» **WHAT TO DO**: Only the stretch below from the line holding "Take note: an" through the line holding "The problem is" should be restated, word for word and with both ends included; pictures stay out.

» **DATA IN THIS EXERCISE**:
---
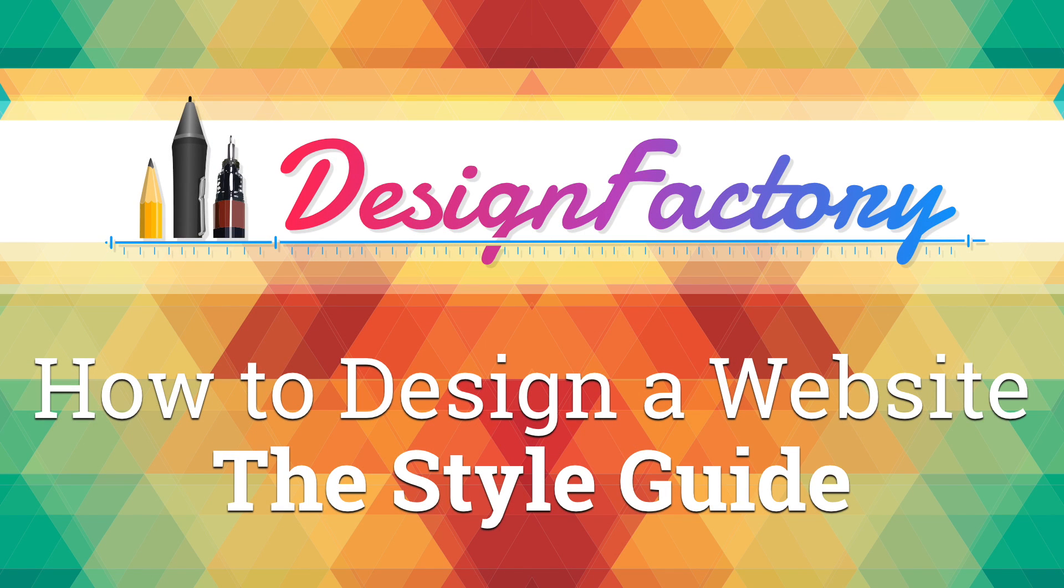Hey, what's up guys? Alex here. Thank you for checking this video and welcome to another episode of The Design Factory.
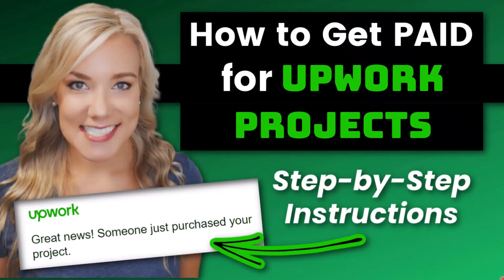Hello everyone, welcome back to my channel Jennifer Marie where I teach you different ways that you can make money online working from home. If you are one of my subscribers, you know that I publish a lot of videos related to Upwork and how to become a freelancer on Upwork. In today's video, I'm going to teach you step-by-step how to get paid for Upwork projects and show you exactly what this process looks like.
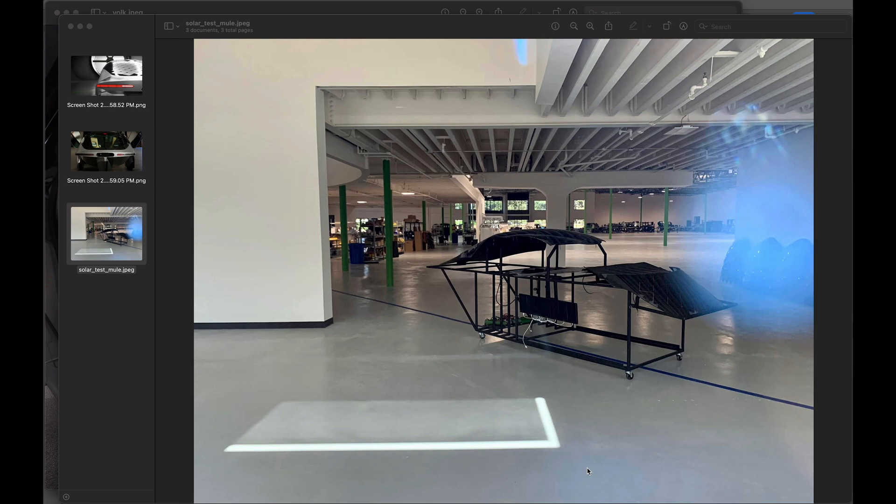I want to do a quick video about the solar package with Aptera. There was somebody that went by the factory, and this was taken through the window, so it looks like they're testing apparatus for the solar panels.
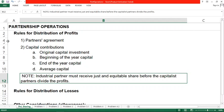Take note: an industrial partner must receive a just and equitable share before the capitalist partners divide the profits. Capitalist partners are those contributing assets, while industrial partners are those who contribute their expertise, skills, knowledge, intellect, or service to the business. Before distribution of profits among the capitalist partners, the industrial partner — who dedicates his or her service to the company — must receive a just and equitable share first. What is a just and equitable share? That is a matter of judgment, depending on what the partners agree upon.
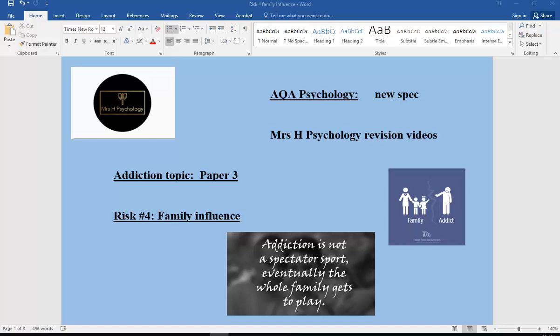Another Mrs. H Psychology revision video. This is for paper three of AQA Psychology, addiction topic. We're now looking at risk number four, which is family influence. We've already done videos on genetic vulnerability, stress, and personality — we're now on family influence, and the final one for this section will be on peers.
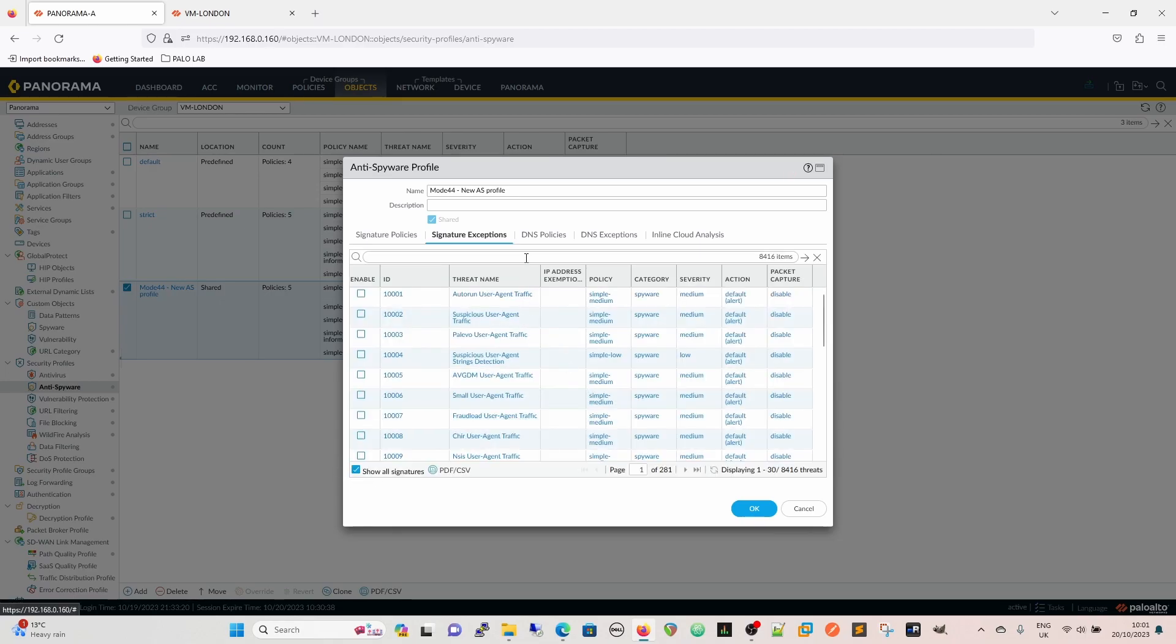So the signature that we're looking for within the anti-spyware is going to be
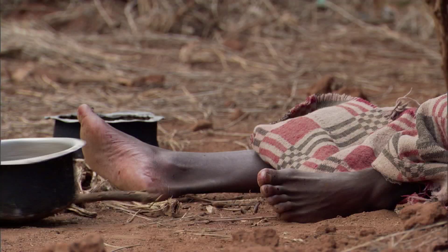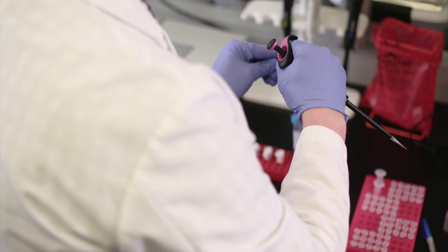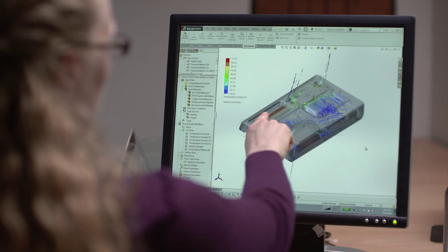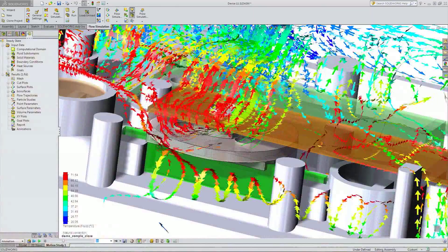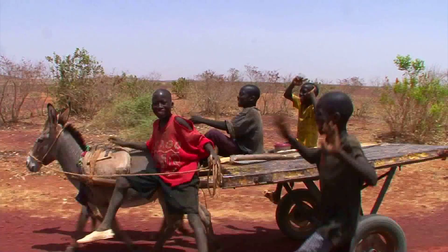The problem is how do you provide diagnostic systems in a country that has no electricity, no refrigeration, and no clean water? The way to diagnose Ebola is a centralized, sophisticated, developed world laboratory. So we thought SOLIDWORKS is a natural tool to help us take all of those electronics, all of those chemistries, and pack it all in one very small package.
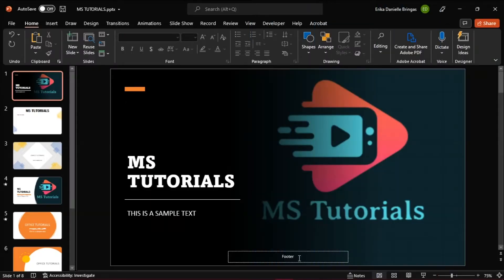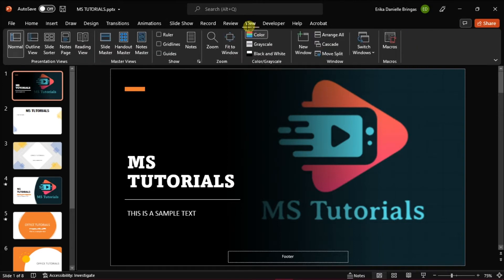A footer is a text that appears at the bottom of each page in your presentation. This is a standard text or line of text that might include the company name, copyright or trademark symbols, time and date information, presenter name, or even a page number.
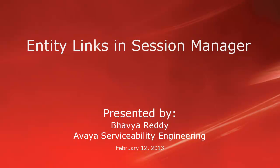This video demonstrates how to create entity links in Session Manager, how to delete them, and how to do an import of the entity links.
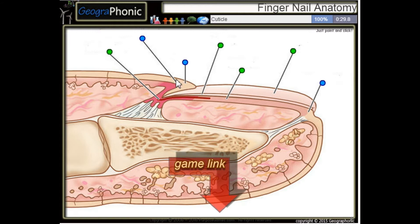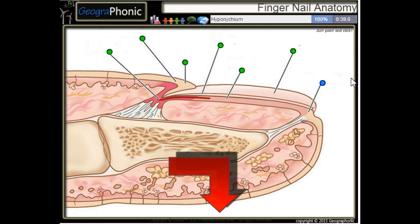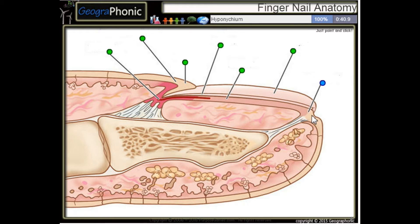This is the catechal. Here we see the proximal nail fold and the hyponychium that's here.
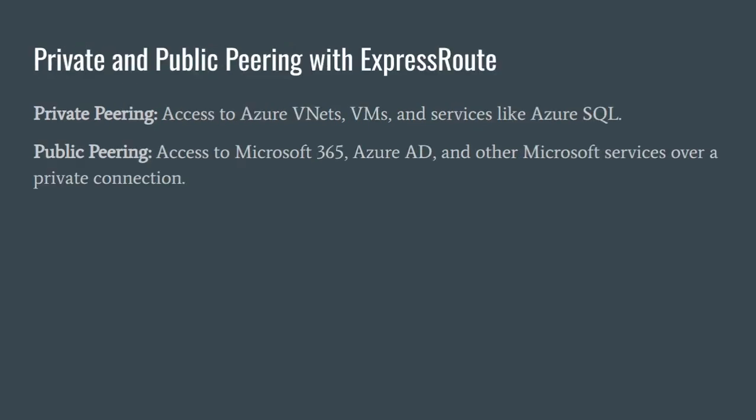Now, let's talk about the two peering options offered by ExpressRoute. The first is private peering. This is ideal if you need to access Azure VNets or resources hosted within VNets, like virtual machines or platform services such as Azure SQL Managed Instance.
---
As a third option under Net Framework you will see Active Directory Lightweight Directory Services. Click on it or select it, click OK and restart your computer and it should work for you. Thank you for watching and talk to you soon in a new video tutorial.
---
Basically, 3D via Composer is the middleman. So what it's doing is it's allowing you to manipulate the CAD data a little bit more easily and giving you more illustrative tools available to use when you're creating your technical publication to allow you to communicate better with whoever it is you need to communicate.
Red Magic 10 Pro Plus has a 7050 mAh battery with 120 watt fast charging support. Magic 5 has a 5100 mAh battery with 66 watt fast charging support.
---
» **EXERCISE ANSWER**:
Take note: an industrial partner must receive a just and equitable share before the capitalist partners divide the profits. Capitalist partners are those contributing assets, while industrial partners are those who contribute their expertise, skills, knowledge, intellect, or service to the business. Before distribution of profits among the capitalist partners, the industrial partner — who dedicates his or her service to the company — must receive a just and equitable share first. What is a just and equitable share? That is a matter of judgment, depending on what the partners agree upon.
Another Mrs. H Psychology revision video. This is for paper three of AQA Psychology, addiction topic. We're now looking at risk number four, which is family influence. We've already done videos on genetic vulnerability, stress, and personality — we're now on family influence, and the final one for this section will be on peers.
So the signature that we're looking for within the anti-spyware is going to be
The problem is how do you provide diagnostic systems in a country that has no electricity, no refrigeration, and no clean water? The way to diagnose Ebola is a centralized, sophisticated, developed world laboratory. So we thought SOLIDWORKS is a natural tool to help us take all of those electronics, all of those chemistries, and pack it all in one very small package.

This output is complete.